**Task prompt**: A full and exact copy of the listing that follows is needed.

**Record set**:

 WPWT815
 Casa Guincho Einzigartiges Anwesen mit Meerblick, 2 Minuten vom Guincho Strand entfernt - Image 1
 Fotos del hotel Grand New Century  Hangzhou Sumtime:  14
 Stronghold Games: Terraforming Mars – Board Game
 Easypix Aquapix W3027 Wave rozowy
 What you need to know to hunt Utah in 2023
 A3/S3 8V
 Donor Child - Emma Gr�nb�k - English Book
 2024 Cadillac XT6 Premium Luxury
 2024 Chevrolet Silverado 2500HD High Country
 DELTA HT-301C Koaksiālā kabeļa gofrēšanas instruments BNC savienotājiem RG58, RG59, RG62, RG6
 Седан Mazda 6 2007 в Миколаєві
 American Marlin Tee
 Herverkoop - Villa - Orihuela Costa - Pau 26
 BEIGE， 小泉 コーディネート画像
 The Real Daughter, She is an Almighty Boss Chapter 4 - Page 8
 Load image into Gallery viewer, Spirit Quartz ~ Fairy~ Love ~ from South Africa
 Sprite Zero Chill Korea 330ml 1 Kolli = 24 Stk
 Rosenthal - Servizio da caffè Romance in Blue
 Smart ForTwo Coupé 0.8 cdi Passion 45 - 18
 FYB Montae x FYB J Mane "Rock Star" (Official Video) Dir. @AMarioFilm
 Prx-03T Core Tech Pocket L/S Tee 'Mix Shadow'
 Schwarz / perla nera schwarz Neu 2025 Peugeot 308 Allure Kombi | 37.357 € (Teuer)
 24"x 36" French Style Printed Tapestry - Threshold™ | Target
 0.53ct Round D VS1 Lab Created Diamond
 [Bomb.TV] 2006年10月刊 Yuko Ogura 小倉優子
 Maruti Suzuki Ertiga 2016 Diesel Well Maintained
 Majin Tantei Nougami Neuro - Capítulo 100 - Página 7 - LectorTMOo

**Result of the exercise**:
 WPWT815
 Casa Guincho Einzigartiges Anwesen mit Meerblick, 2 Minuten vom Guincho Strand entfernt - Image 1
 Fotos del hotel Grand New Century  Hangzhou Sumtime:  14
 Stronghold Games: Terraforming Mars – Board Game
 Easypix Aquapix W3027 Wave rozowy
 What you need to know to hunt Utah in 2023
 A3/S3 8V
 Donor Child - Emma Gr�nb�k - English Book
 2024 Cadillac XT6 Premium Luxury
 2024 Chevrolet Silverado 2500HD High Country
 DELTA HT-301C Koaksiālā kabeļa gofrēšanas instruments BNC savienotājiem RG58, RG59, RG62, RG6
 Седан Mazda 6 2007 в Миколаєві
 American Marlin Tee
 Herverkoop - Villa - Orihuela Costa - Pau 26
 BEIGE， 小泉 コーディネート画像
 The Real Daughter, She is an Almighty Boss Chapter 4 - Page 8
 Load image into Gallery viewer, Spirit Quartz ~ Fairy~ Love ~ from South Africa
 Sprite Zero Chill Korea 330ml 1 Kolli = 24 Stk
 Rosenthal - Servizio da caffè Romance in Blue
 Smart ForTwo Coupé 0.8 cdi Passion 45 - 18
 FYB Montae x FYB J Mane "Rock Star" (Official Video) Dir. @AMarioFilm
 Prx-03T Core Tech Pocket L/S Tee 'Mix Shadow'
 Schwarz / perla nera schwarz Neu 2025 Peugeot 308 Allure Kombi | 37.357 € (Teuer)
 24"x 36" French Style Printed Tapestry - Threshold™ | Target
 0.53ct Round D VS1 Lab Created Diamond
 [Bomb.TV] 2006年10月刊 Yuko Ogura 小倉優子
 Maruti Suzuki Ertiga 2016 Diesel Well Maintained
 Majin Tantei Nougami Neuro - Capítulo 100 - Página 7 - LectorTMOo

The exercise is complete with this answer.